Nassim Nicholas Taleb

Thursday, June 5th, 2008

I was led to this Sunday Times profile of Taleb via Arts&Letters Daily.

Taleb’s view that market collapses are more sudden and extreme (though less frequent) than rises seems believable to me but is presumably easily checked from the record, (and could presumably be built into the modelling of risk if true).

On a completely different tack I was taken with his statement that “Scientists don’t know what they are talking about when they talk about religion. Religion has nothing to do with belief, and I don’t believe it has any negative impact on people’s lives outside of intolerance.” Leaving aside the rather large scope of “intolerance” as a source of negative impact, I tend to agree that for most people the adoption of even a creed-based religion has little to do with actual belief and that this is why arguments about the validity of religion often fall flat without appearing to be processed.

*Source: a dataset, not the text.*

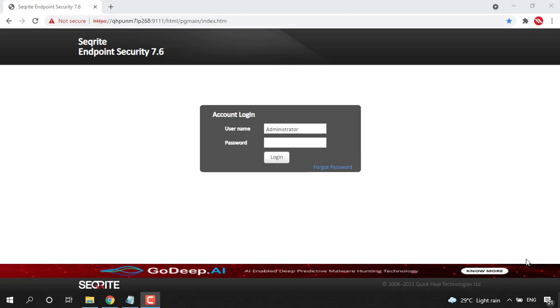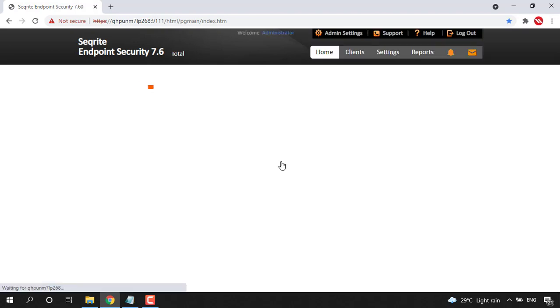To do that, let's login to Securite Endpoint Security Console. So I have given my username and password here and I clicked on login.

Probability of Occurring by Chance

Tuesday, August 14th, 2007

In this post at squareCircleZ, Professor Bruce Armstrong from the Sydney Cancer Centre at the University of Sydney is quoted as saying “The probability the that increase is due simply to chance is about one in a million so we are looking at something that is almost certainly a real increase in risk”. But this is almost certainly a misstatement since the probability that something is due simply to chance is not computable and probably not even meaningful whereas the probability of its happening in a randomly chosen situation from a well defined population of cases is meaningful and often computable. Either concept could be expressed by the ambiguous title of this post but they are definitely NOT the same – as can be seen from the following example. If I win the lottery without cheating then the probability of it having happened by chance (in the sense of having only chance factors involved) is in fact 1 but the probability of it happening by chance (ie of it happening given that only chance factors were involved) was less than one in a million. Of course, if we don’t assume that I didn’t cheat, the probability that my win was due only to chance may be less, but in any event it is not the same as my chances of winning a fair game. For a more practically relevant example consider the case of an experiment which identifies an effect of some sort “at the 95% confidence level”. What this means is that the probability of the observation occurring if only random effects were present is no more than about 1 in 20. But then in a set of many trials it is likely that up to about 5% of them will actually appear to show the effect. Users of statistics need to be aware of this distinction since in an experiment which collects more than six variables (as many in the social sciences do) there are more than 21 pairs to consider and so in an average such experiment at least one such pair will seem to have a significant relationship even when no such relationship actually exists.

All this is actually relevant to the story about cancer clusters since, in a world with several million observed groups of a hundred or so people, if the chance of a cluster happening given only random factors is one in a million then we may expect to see several such clusters occurring just by chance.